======== RECORDS FOR PROCESSING

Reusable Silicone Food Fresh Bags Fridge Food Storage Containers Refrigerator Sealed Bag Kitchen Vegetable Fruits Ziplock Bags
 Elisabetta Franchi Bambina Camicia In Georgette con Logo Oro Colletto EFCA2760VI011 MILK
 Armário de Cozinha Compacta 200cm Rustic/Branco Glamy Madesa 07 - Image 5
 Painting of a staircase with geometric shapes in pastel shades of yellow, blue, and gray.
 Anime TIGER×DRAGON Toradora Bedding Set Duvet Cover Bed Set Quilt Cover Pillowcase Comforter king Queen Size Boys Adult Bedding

================

WORK TO COMPLETE:
Your answer must be every record above, retyped exactly.

ANSWER SECTION:
Reusable Silicone Food Fresh Bags Fridge Food Storage Containers Refrigerator Sealed Bag Kitchen Vegetable Fruits Ziplock Bags
 Elisabetta Franchi Bambina Camicia In Georgette con Logo Oro Colletto EFCA2760VI011 MILK
 Armário de Cozinha Compacta 200cm Rustic/Branco Glamy Madesa 07 - Image 5
 Painting of a staircase with geometric shapes in pastel shades of yellow, blue, and gray.
 Anime TIGER×DRAGON Toradora Bedding Set Duvet Cover Bed Set Quilt Cover Pillowcase Comforter king Queen Size Boys Adult Bedding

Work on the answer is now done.